● TASK TO CARRY OUT
This exercise calls for every record to be returned exactly, with pictures removed.

● RECORDS TO USE
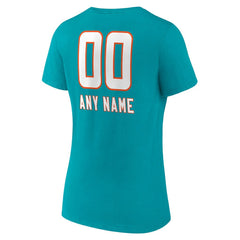 Miami Dolphins  Women's Personalized Name & Number Team Wordmark V-Neck T-Shirt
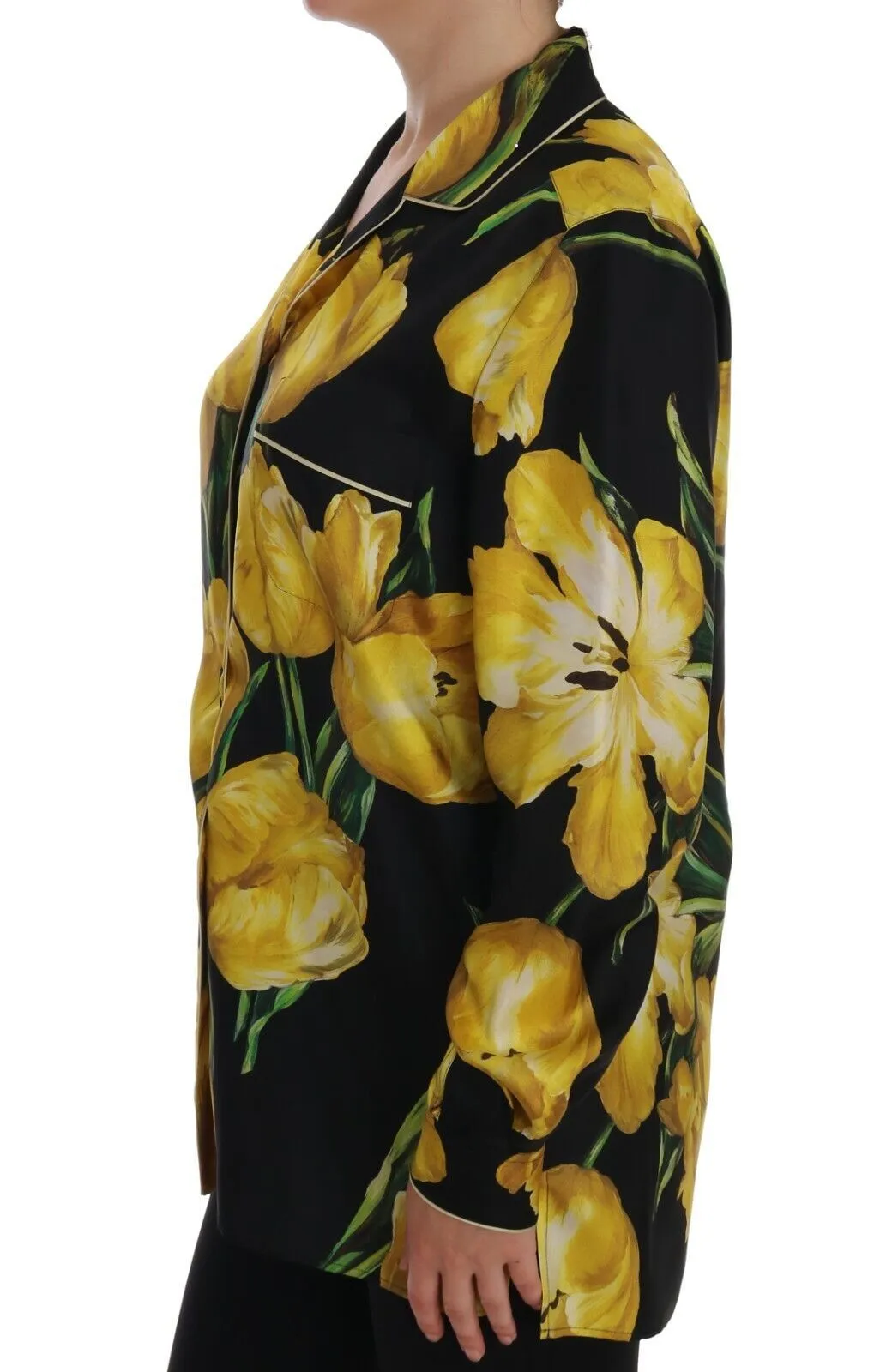 Dolce & Gabbana Women's Floral Silk Pajama-Style Blouse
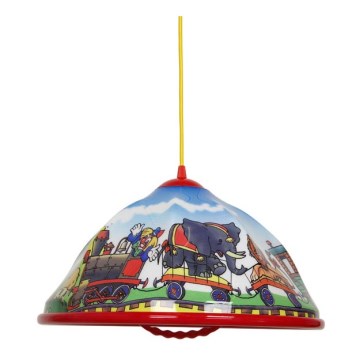 Hängande ljuskrona med textilsladd för barn AKRYL DZ 1xE27/15W cirkus/röd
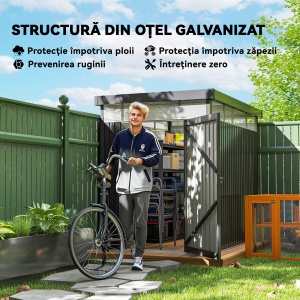 Magazie de Grădină cu Luminator Superior din Acril și Orificii de Drenaj, 162x259x201 cm, Gri Închis - Img 4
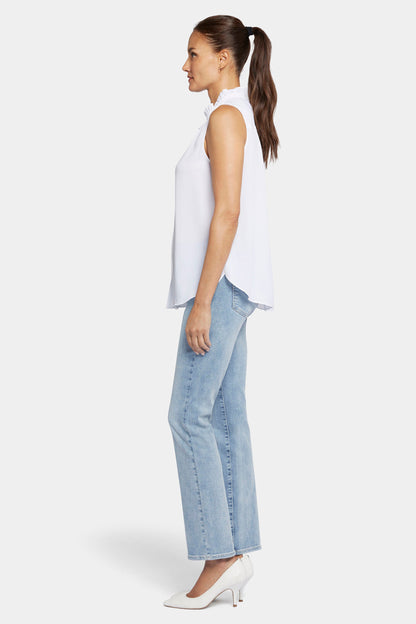 Sleeveless Ruffle Neck Blouse - Optic White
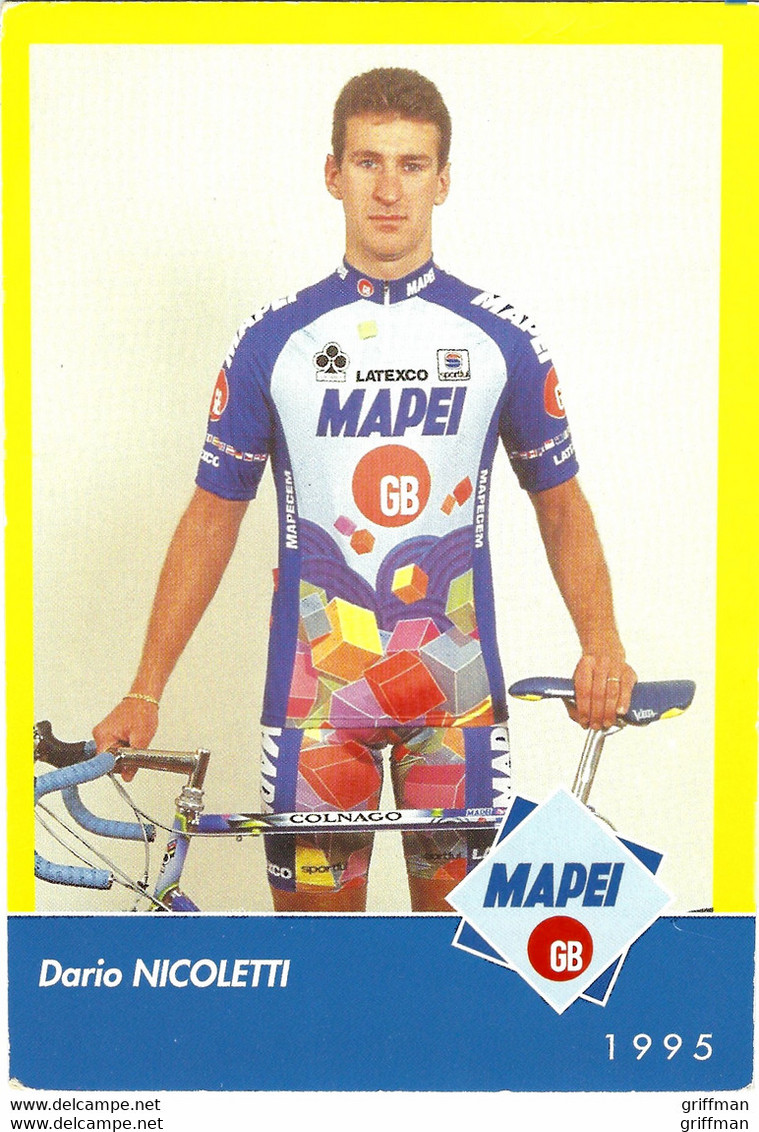 DARIO NICOLETTI GROUPE MAPEI 1995 TBE - Cyclisme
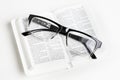 White Pocket Bible With Reading Glasses Royalty Free Stock Photo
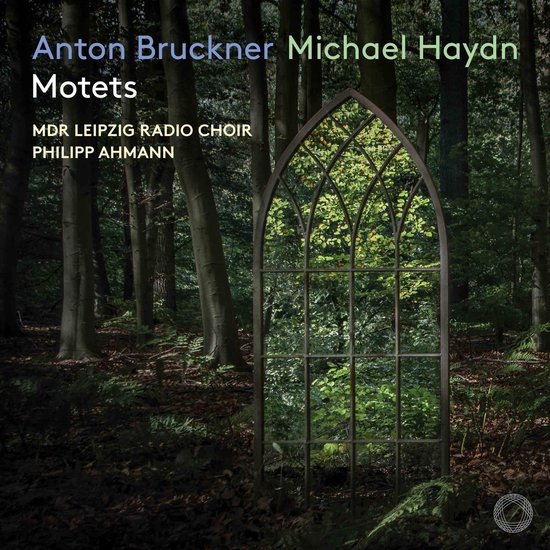 Albumhoes: Een gotisch raam weerspiegelt een bos in de natuur. Tekst: Anton Bruckner, Michael Haydn, Motets, MDR Leipzig Radio Choir, Philipp Ahmann.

● RESPONSE
 Miami Dolphins  Women's Personalized Name & Number Team Wordmark V-Neck T-Shirt
 Dolce & Gabbana Women's Floral Silk Pajama-Style Blouse
 Hängande ljuskrona med textilsladd för barn AKRYL DZ 1xE27/15W cirkus/röd
 Magazie de Grădină cu Luminator Superior din Acril și Orificii de Drenaj, 162x259x201 cm, Gri Închis - Img 4
 Sleeveless Ruffle Neck Blouse - Optic White
 DARIO NICOLETTI GROUPE MAPEI 1995 TBE - Cyclisme
 White Pocket Bible With Reading Glasses Royalty Free Stock Photo
 Albumhoes: Een gotisch raam weerspiegelt een bos in de natuur. Tekst: Anton Bruckner, Michael Haydn, Motets, MDR Leipzig Radio Choir, Philipp Ahmann.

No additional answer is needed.